EXTRACTED DATA:
>>>>>

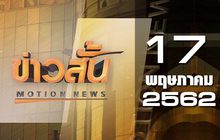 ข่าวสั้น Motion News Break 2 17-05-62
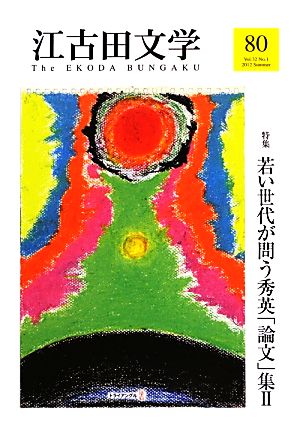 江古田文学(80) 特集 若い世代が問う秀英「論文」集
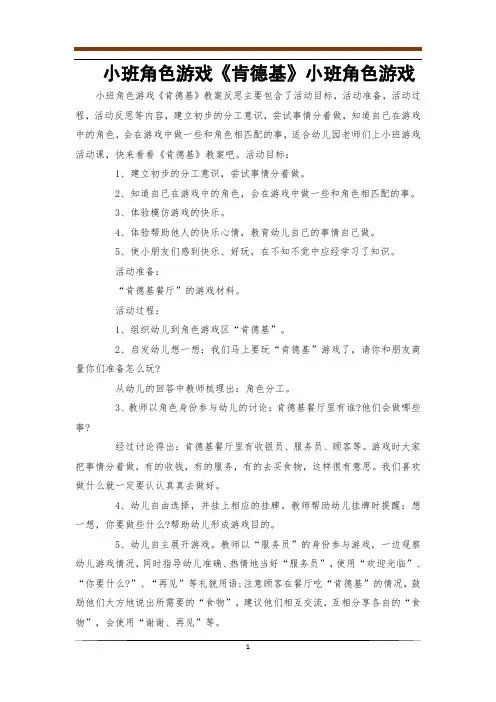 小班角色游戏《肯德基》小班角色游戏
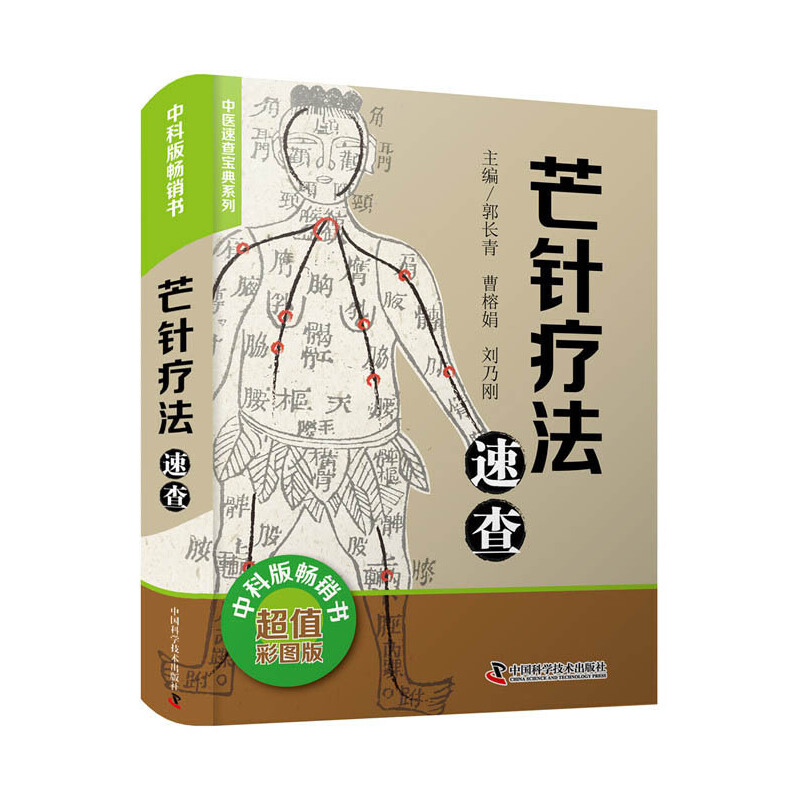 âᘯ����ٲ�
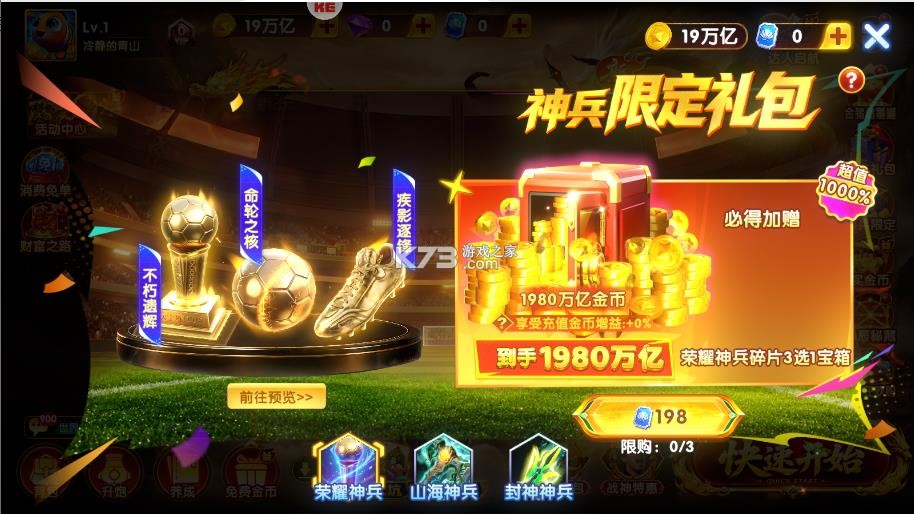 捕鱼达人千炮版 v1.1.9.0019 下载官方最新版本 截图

<<<<<
>>>>>

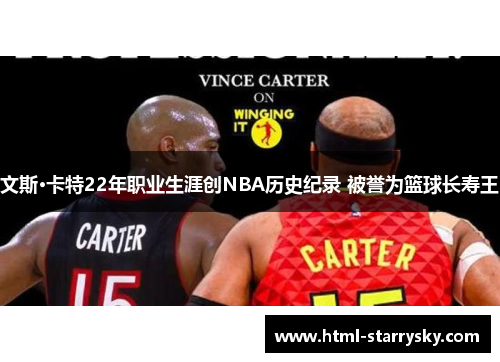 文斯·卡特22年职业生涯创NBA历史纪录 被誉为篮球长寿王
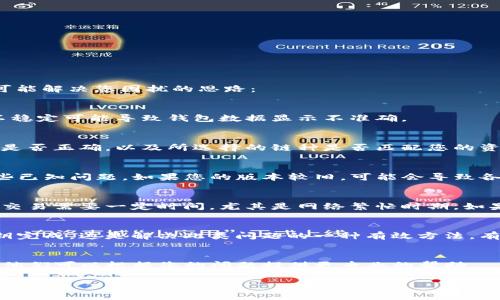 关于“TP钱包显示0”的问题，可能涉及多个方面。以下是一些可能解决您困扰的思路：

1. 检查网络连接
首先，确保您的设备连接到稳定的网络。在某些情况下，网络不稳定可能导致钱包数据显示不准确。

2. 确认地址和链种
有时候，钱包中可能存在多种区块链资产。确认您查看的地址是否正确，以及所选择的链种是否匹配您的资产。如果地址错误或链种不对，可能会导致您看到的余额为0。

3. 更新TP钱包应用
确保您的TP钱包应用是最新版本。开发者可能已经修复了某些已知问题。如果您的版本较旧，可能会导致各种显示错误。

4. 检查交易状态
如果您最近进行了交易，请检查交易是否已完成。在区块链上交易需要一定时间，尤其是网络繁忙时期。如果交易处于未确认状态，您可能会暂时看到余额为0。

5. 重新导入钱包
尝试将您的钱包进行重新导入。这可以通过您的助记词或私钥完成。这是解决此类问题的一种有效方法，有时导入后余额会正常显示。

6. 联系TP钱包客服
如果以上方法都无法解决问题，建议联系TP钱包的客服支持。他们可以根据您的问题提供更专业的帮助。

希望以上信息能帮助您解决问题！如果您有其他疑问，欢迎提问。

<<<<<
>>>>>

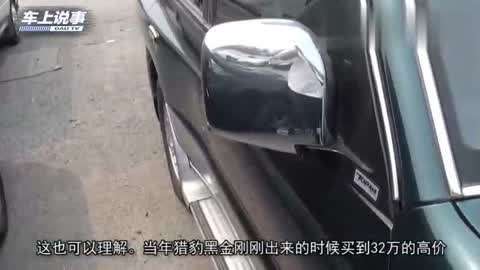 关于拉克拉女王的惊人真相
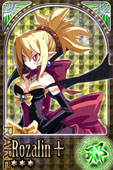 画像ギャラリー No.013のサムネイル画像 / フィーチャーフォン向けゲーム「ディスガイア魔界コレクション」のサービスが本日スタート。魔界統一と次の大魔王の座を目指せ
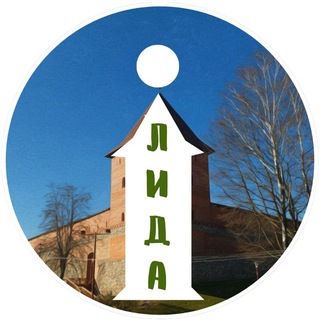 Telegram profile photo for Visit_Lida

<<<<<

PROBLEM:
Using the entries above, transcribe every line from the line containing "文斯·卡特22年职业生涯创NBA历史纪录 被誉为篮球长寿王" through the line containing "希望以上信息能帮助您解决问题！如果您有其他疑问，欢迎提问。". Do not copy pictures.

ANSWER FOR THE TASK:
 文斯·卡特22年职业生涯创NBA历史纪录 被誉为篮球长寿王
 关于“TP钱包显示0”的问题，可能涉及多个方面。以下是一些可能解决您困扰的思路：

1. 检查网络连接
首先，确保您的设备连接到稳定的网络。在某些情况下，网络不稳定可能导致钱包数据显示不准确。

2. 确认地址和链种
有时候，钱包中可能存在多种区块链资产。确认您查看的地址是否正确，以及所选择的链种是否匹配您的资产。如果地址错误或链种不对，可能会导致您看到的余额为0。

3. 更新TP钱包应用
确保您的TP钱包应用是最新版本。开发者可能已经修复了某些已知问题。如果您的版本较旧，可能会导致各种显示错误。

4. 检查交易状态
如果您最近进行了交易，请检查交易是否已完成。在区块链上交易需要一定时间，尤其是网络繁忙时期。如果交易处于未确认状态，您可能会暂时看到余额为0。

5. 重新导入钱包
尝试将您的钱包进行重新导入。这可以通过您的助记词或私钥完成。这是解决此类问题的一种有效方法，有时导入后余额会正常显示。

6. 联系TP钱包客服
如果以上方法都无法解决问题，建议联系TP钱包的客服支持。他们可以根据您的问题提供更专业的帮助。

希望以上信息能帮助您解决问题！如果您有其他疑问，欢迎提问。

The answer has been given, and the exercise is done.